According to the 2016 State of DevOps Report by Puppet and DORA, the mean time to recover when a service incident occurs ranges from less than one hour for high IT performers to less than one day for medium and low IT performers. Put that in a real-world scenario: your OpenStack application and the data associated with it that spans multiple virtual machines failed (for one reason or another). Now you need to rebuild something you’ve already spent time developing. Are you—and your boss—OK with that rework taking hours to days? Or do you think you’d be wishing you fell in the range of high IT performers, and you could quickly recreate what you lost in less than one hour?
Now, take it a step further. What could you be doing with that time you now need to dedicate to rebuilding something? What will that rework take you away from? The next phase of your development? Lunch? Happy hour? Sleep? What price would you put on the personal cost to you?

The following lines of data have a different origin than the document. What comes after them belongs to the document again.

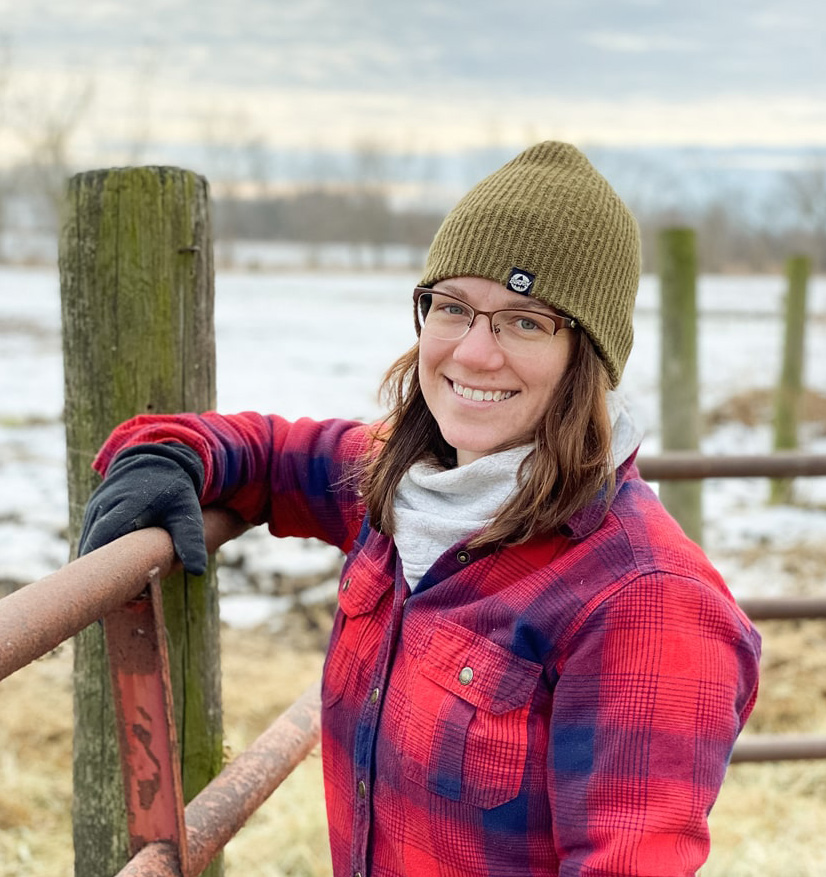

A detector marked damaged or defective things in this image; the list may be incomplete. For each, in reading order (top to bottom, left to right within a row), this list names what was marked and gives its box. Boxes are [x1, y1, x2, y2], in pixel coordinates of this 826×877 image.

rusty red metal gate rail [1, 456, 824, 872]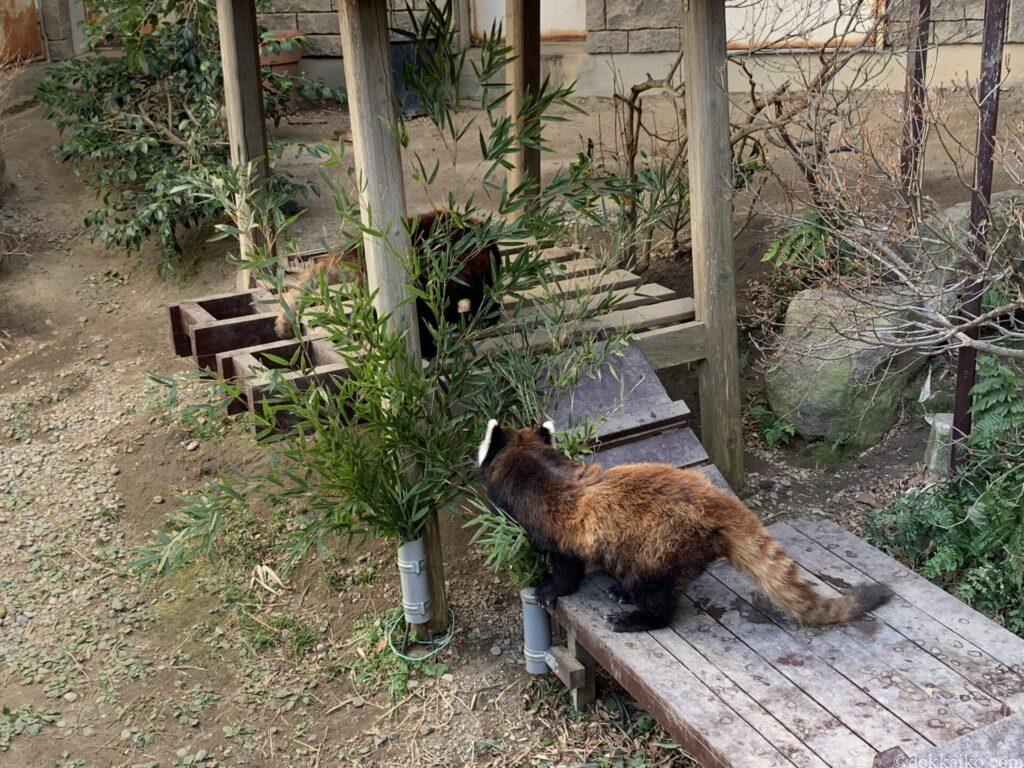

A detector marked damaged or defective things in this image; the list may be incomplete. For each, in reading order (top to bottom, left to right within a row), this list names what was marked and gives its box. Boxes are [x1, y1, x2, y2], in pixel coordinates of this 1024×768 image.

rusty metal pole [901, 0, 933, 195]
rusty metal pole [946, 0, 1011, 473]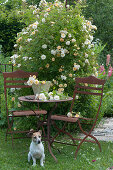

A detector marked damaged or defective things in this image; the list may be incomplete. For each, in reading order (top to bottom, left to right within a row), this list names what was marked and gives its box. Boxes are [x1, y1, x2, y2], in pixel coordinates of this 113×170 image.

rusty iron chair [2, 69, 46, 145]
rusty iron table [18, 95, 73, 161]
rusty iron chair [50, 75, 105, 159]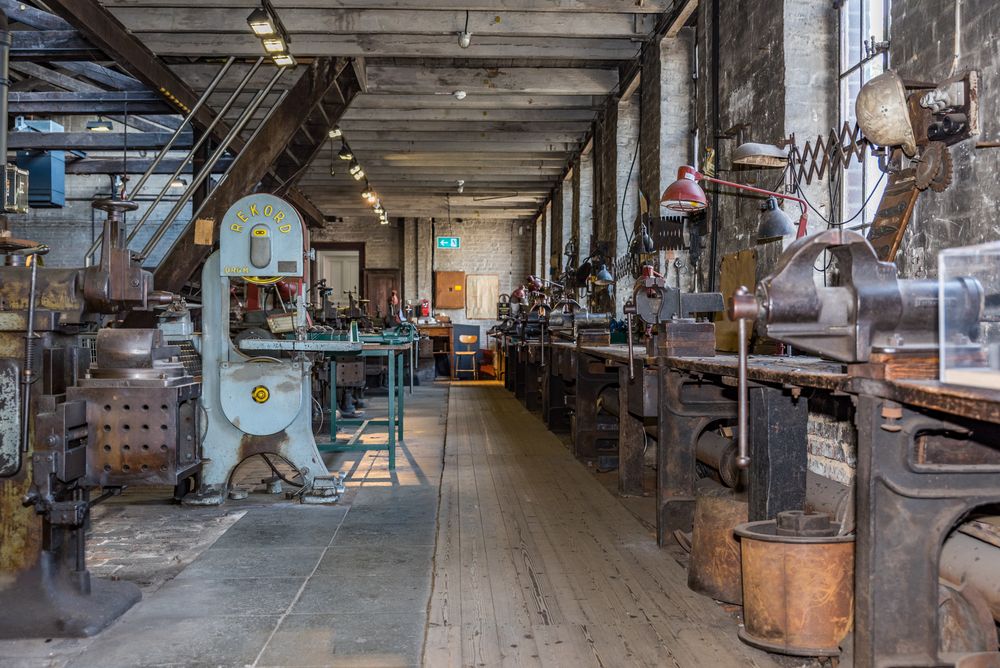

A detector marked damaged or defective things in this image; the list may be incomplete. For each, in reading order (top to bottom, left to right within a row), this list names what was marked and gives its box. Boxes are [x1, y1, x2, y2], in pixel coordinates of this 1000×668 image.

corroded machinery [0, 198, 197, 636]
rusty bucket [692, 480, 748, 604]
rusty bucket [732, 508, 856, 656]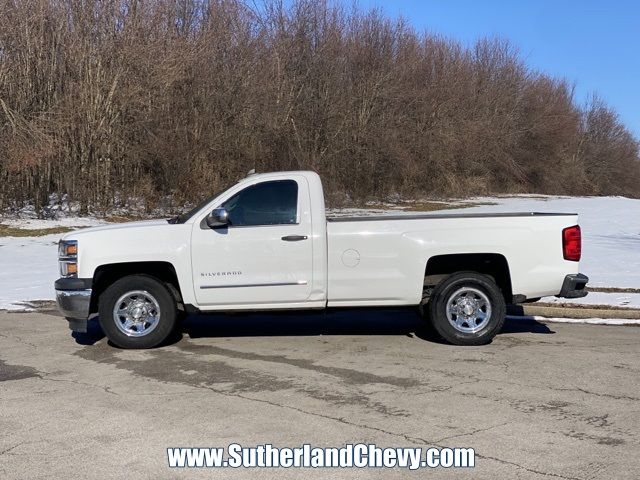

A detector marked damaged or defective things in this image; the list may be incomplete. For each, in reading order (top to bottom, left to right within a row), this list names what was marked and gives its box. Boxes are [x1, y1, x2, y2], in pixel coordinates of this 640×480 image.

cracked pavement [1, 310, 640, 478]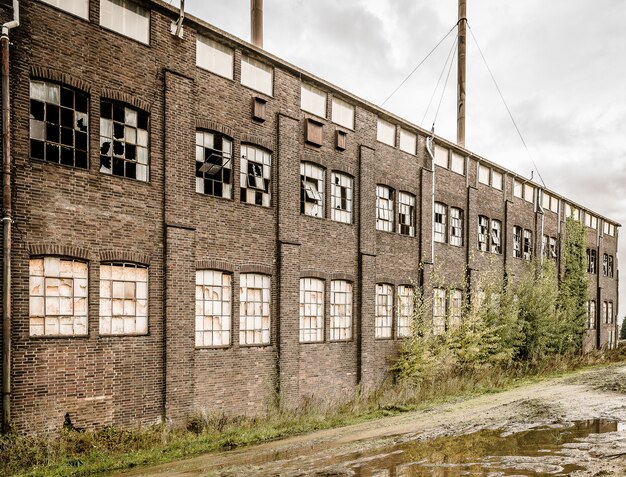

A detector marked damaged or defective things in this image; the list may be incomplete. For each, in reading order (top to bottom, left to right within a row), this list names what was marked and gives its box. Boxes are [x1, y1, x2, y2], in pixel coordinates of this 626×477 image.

broken window [40, 0, 88, 18]
broken window [100, 0, 150, 43]
broken window [194, 35, 233, 78]
broken window [240, 55, 272, 96]
rusted drainpipe [1, 0, 19, 432]
broken window [30, 81, 89, 169]
broken window [100, 99, 149, 181]
broken window [195, 129, 232, 198]
broken window [238, 144, 270, 205]
broken window [300, 162, 324, 218]
broken window [332, 171, 352, 223]
broken window [372, 185, 392, 231]
broken window [448, 207, 464, 245]
broken window [28, 256, 88, 334]
broken window [100, 260, 149, 334]
broken window [194, 272, 230, 346]
broken window [238, 274, 270, 344]
broken window [300, 276, 324, 342]
broken window [326, 280, 352, 340]
broken window [372, 284, 392, 336]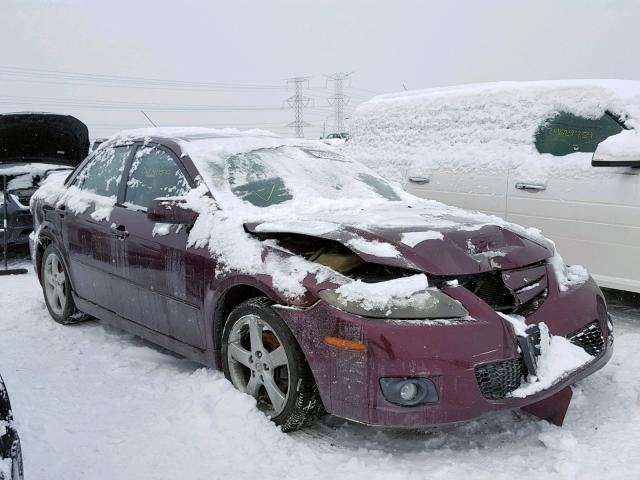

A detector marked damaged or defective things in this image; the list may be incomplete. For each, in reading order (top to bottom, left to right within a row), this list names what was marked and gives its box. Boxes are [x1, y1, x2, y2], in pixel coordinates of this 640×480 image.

crumpled hood [0, 111, 89, 166]
crumpled hood [242, 204, 552, 276]
broken headlight housing [318, 286, 468, 320]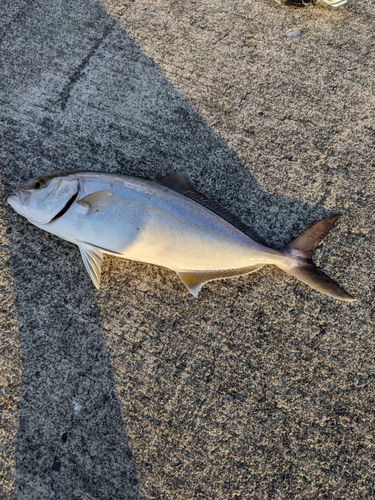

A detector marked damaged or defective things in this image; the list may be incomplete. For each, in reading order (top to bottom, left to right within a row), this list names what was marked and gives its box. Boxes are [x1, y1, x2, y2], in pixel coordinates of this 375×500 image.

crack in concrete [58, 21, 114, 110]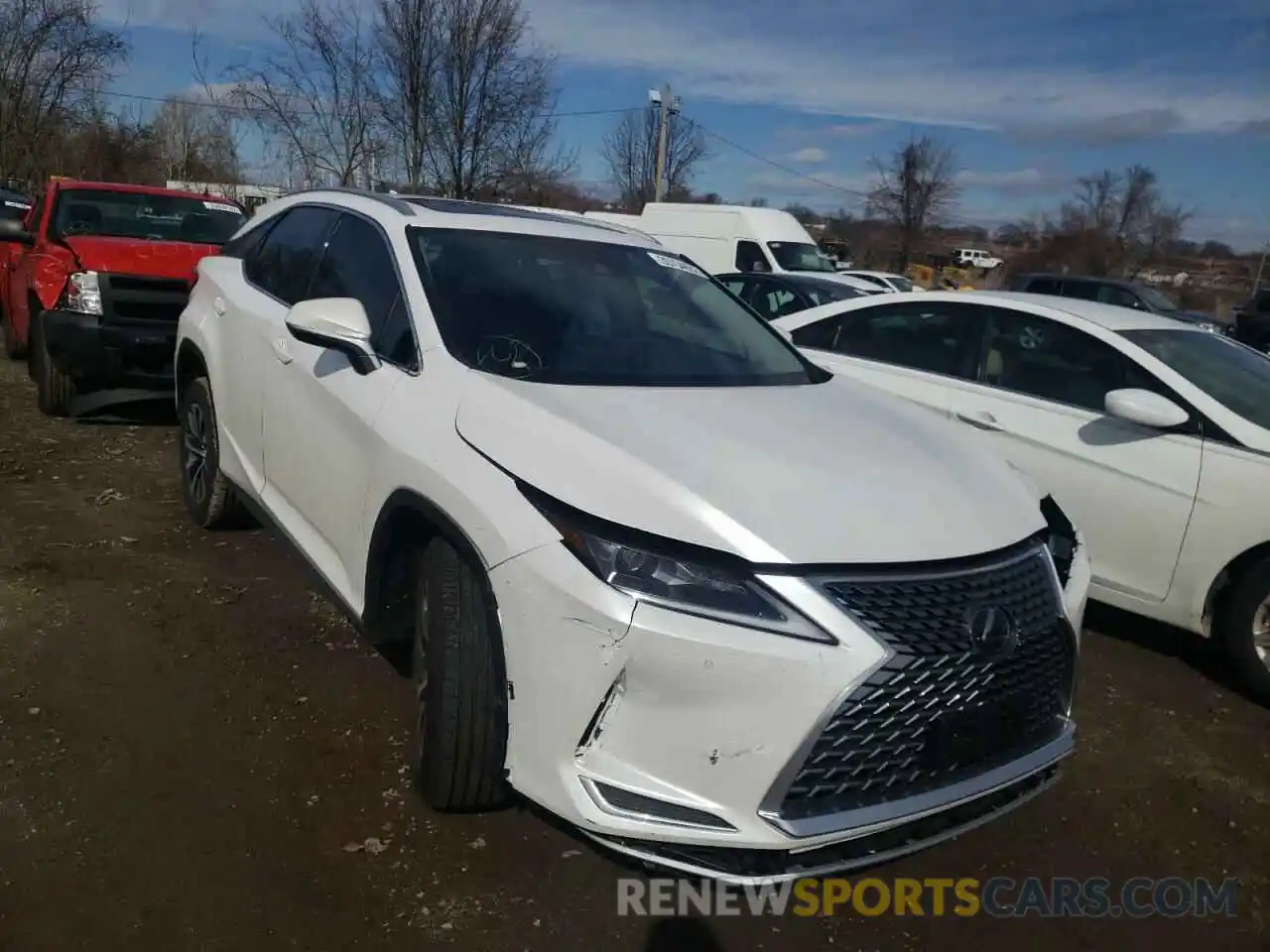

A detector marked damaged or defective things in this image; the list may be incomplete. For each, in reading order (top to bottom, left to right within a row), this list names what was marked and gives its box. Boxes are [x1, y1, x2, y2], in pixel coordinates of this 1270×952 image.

damaged front bumper [484, 533, 1091, 883]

The 2016 State of DevOps Report authors wanted to calculate the cost of excess rework per year for organizations. They created a formula to calculate the number:
Cost of excess rework = Technical staff size x average salary x benefits multiplier x percentage of technical staff time spent on excess rework
Here’s what they found:
- High performers have 11 percent excess rework
- Medium performers have 22 percent excess rework
- Low performers have 17 percent excess rework
At first glance, those numbers seem odd. Why would the low performers have less excess rework than the medium performers? The report clarified that by explaining “low performers spend less time on rework … because they report spending a greater proportion of time on new work. We believe this greater amount of new work could be occurring at the expense of rework, thus racking up technical debt.”
It’s clear all organizations have some amount of rework as a result of a failure of some kind. The question is, What is the cost of that rework? Let’s take a look at the results of the study.
For the most part, the simple answer is that rework will likely cost your organization millions (unless it’s costing you billions). It’s just a matter of how many millions.
We often get asked why it’s necessary for OpenStack environments to have a data protection strategy and a backup solution. The conventional (but wrong) thinking is that virtualization can take the place of data recovery. Frankly, the answer to why is contained within those numbers above. If you don’t have a backup and recovery solution for your OpenStack development efforts, are you willing to spend money and resources on reworking the lost data? And if you are, how many millions are you willing to spend on it? Let me remind you that you are trying to recover to a point in -time … persistent data included. If you say, “If you built your cloud appropriately, this shouldn’t be an issue ….” Madame or Sir, if your virtualized cloud has that kind of resiliency, then I would like to work for you.